TASK TO CARRY OUT: Set the records down again, exactly, without their images.

(Saved entries)
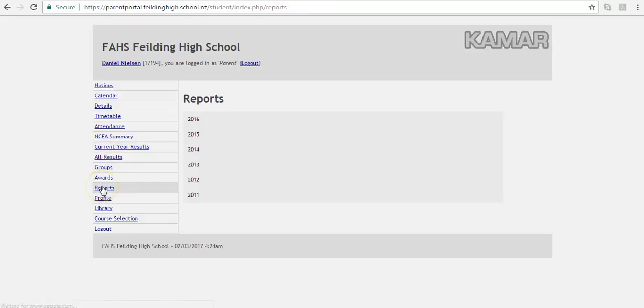Fielding High School issues reports online and archives them for parents. These can be accessed at this screen here.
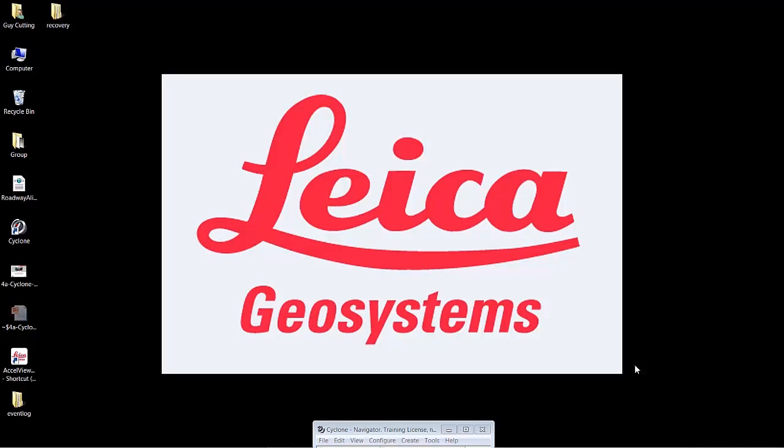Welcome to this demonstration video of the new Cyclone 9.0. We're going to be demonstrating the new auto registration. This functionality is going to bring a lot of excitement to the industry and I hope you'll enjoy this video that fully shows the process of auto registration.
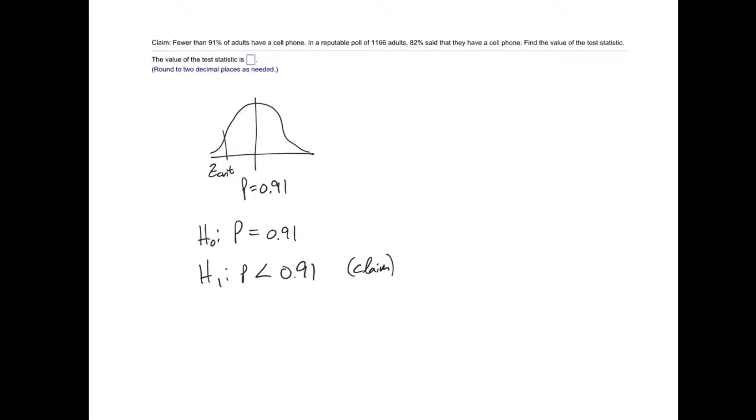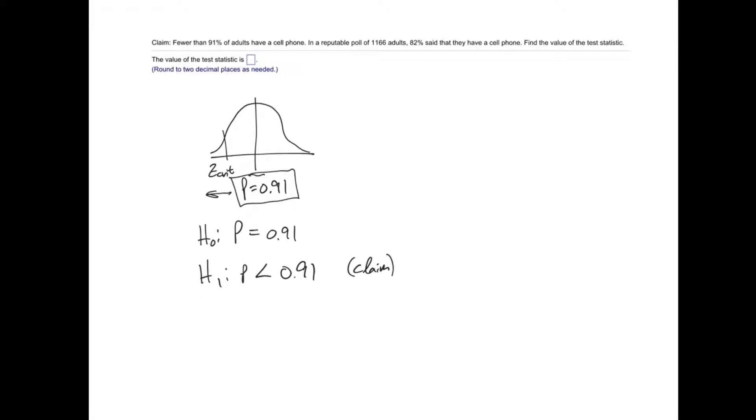The claim is that fewer than 91% of adults have a cell phone. So we are assuming a population proportion of 0.91. The claim is that fewer than 91% have a cell phone, so our rejection region would be to the left.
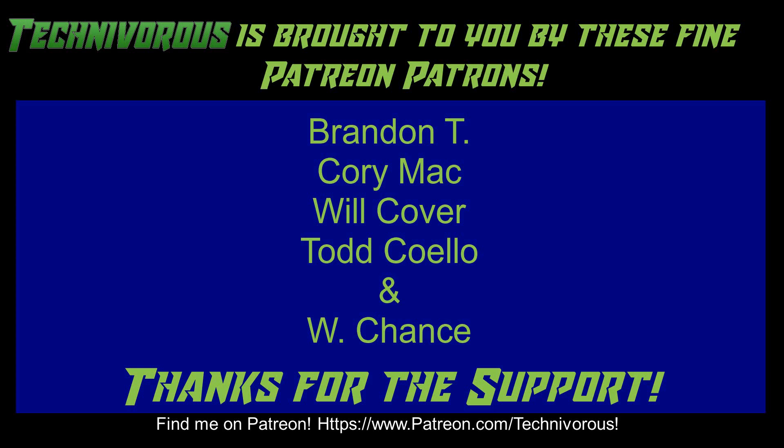As always this channel is brought to you by these fine Patreon supporters. If you'd like to support the channel on Patreon head over to www.patreon.com slash technivorous.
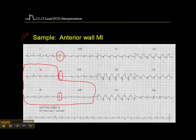If we look at leads 2, 3, and AVF — I don't see any ST elevation in lead 2. Lead 3, it's kind of difficult to say. I don't see any ST elevation in AVF, so we can rule out an inferior wall MI.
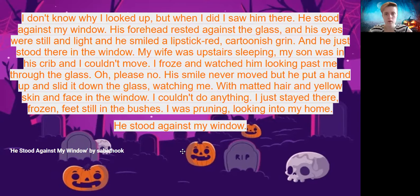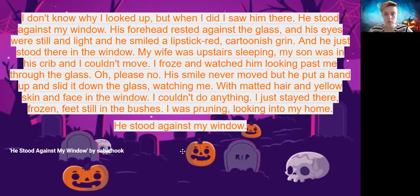I don't know why I looked up, but when I did, I saw him there. He stood against my window. His forehead rested against the glass, and his eyes were still and light, and he smiled a lipstick-red cartoonish grin. And he just stood there in the window. My wife was upstairs sleeping. My son was in his crib, and I couldn't move. I froze and watched him looking past me through the glass. Oh, please, no. His smile never moved, but he put a hand up and slid it down the glass, watching me. With matted hair and yellow skin and face in the window, I couldn't do anything. I just stayed there, frozen, feet still in the bushes. I was pruning, looking into my home. He stood against my window.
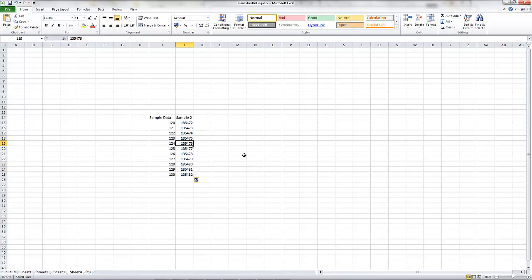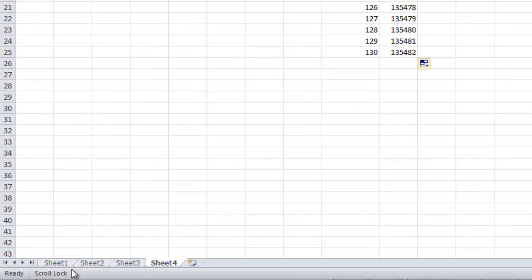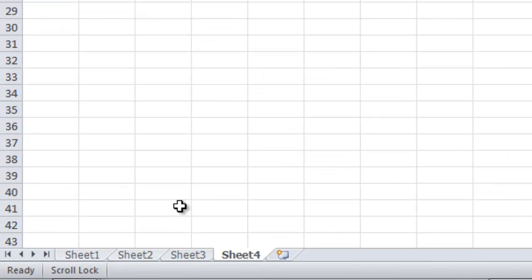So how do we fix this? It's pretty simple. Check the status bar at the bottom. Chances are you would see this. It means that the scroll lock function is on.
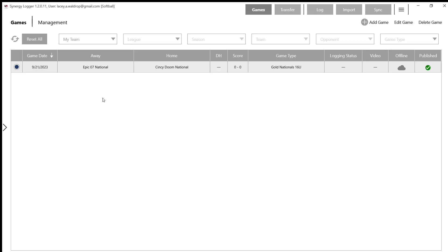Hey everyone, Lacey Waldrop here with Synergy. Today we're going to be going over our Team Logger app so that you can better utilize it for your fall scrimmages, fall games, and any inter-squads that you may have.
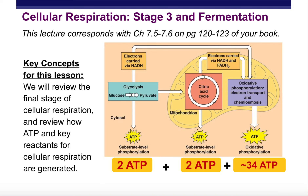This is a lecture on the final stage of cellular respiration, stage three, and then we're going to go over something called fermentation, which is a backup method of making energy in the absence of oxygen.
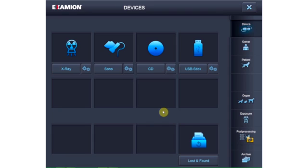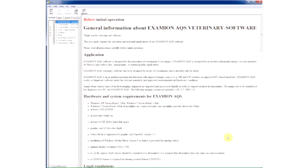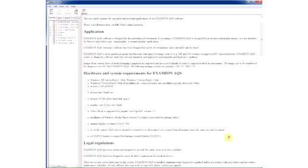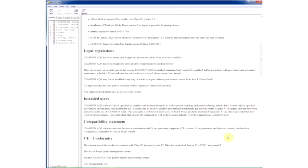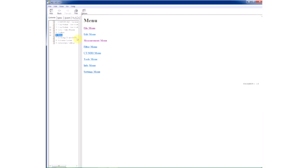To exit the Examion AQS software, simply click the X button and confirm the question to end the program with Yes. You can access the online help for the Examion AQS software from this screen. It supports you when you have questions and allows you to deepen and broaden your knowledge of the software.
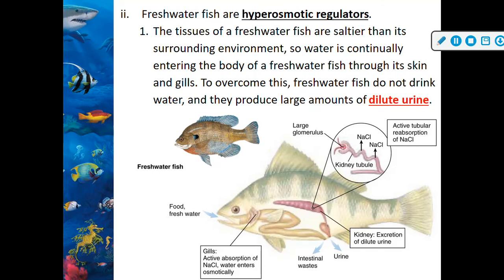Freshwater fish, by contrast, are hyper-osmotic regulators. They constantly try to take in any amounts of salts they can, so they don't really drink water. But they produce large amounts of dilute urine, and they don't excrete as much salt as their marine counterparts.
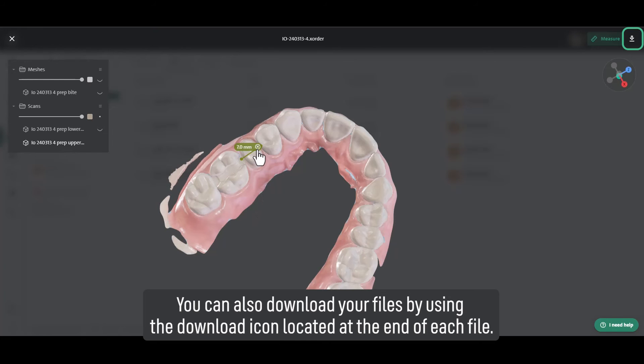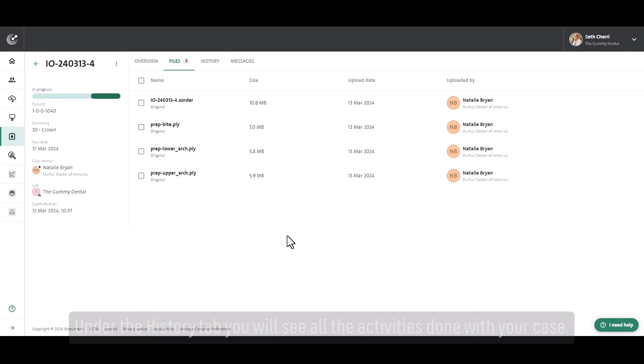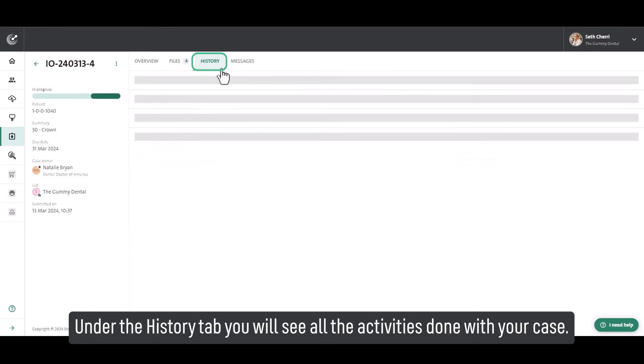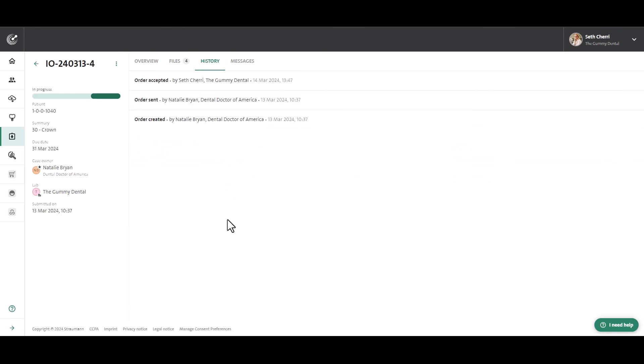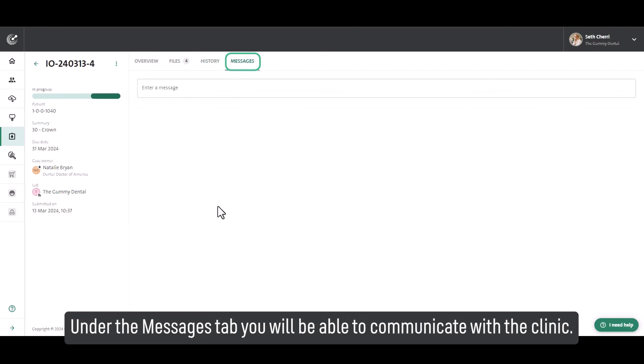The download icon is located at the end of each file. Under the History tab, you will see all the activities done with your case. Under the Messages tab, you will be able to communicate with the clinic.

FINISHED TASK:
Fielding High School issues reports online and archives them for parents. These can be accessed at this screen here.
Welcome to this demonstration video of the new Cyclone 9.0. We're going to be demonstrating the new auto registration. This functionality is going to bring a lot of excitement to the industry and I hope you'll enjoy this video that fully shows the process of auto registration.
The claim is that fewer than 91% of adults have a cell phone. So we are assuming a population proportion of 0.91. The claim is that fewer than 91% have a cell phone, so our rejection region would be to the left.
As always this channel is brought to you by these fine Patreon supporters. If you'd like to support the channel on Patreon head over to www.patreon.com slash technivorous.
If we look at leads 2, 3, and AVF — I don't see any ST elevation in lead 2. Lead 3, it's kind of difficult to say. I don't see any ST elevation in AVF, so we can rule out an inferior wall MI.
I don't know why I looked up, but when I did, I saw him there. He stood against my window. His forehead rested against the glass, and his eyes were still and light, and he smiled a lipstick-red cartoonish grin. And he just stood there in the window. My wife was upstairs sleeping. My son was in his crib, and I couldn't move. I froze and watched him looking past me through the glass. Oh, please, no. His smile never moved, but he put a hand up and slid it down the glass, watching me. With matted hair and yellow skin and face in the window, I couldn't do anything. I just stayed there, frozen, feet still in the bushes. I was pruning, looking into my home. He stood against my window.
So how do we fix this? It's pretty simple. Check the status bar at the bottom. Chances are you would see this. It means that the scroll lock function is on.
Hey everyone, Lacey Waldrop here with Synergy. Today we're going to be going over our Team Logger app so that you can better utilize it for your fall scrimmages, fall games, and any inter-squads that you may have.
This is a lecture on the final stage of cellular respiration, stage three, and then we're going to go over something called fermentation, which is a backup method of making energy in the absence of oxygen.
To exit the Examion AQS software, simply click the X button and confirm the question to end the program with Yes. You can access the online help for the Examion AQS software from this screen. It supports you when you have questions and allows you to deepen and broaden your knowledge of the software.
Freshwater fish, by contrast, are hyper-osmotic regulators. They constantly try to take in any amounts of salts they can, so they don't really drink water. But they produce large amounts of dilute urine, and they don't excrete as much salt as their marine counterparts.
The download icon is located at the end of each file. Under the History tab, you will see all the activities done with your case. Under the Messages tab, you will be able to communicate with the clinic.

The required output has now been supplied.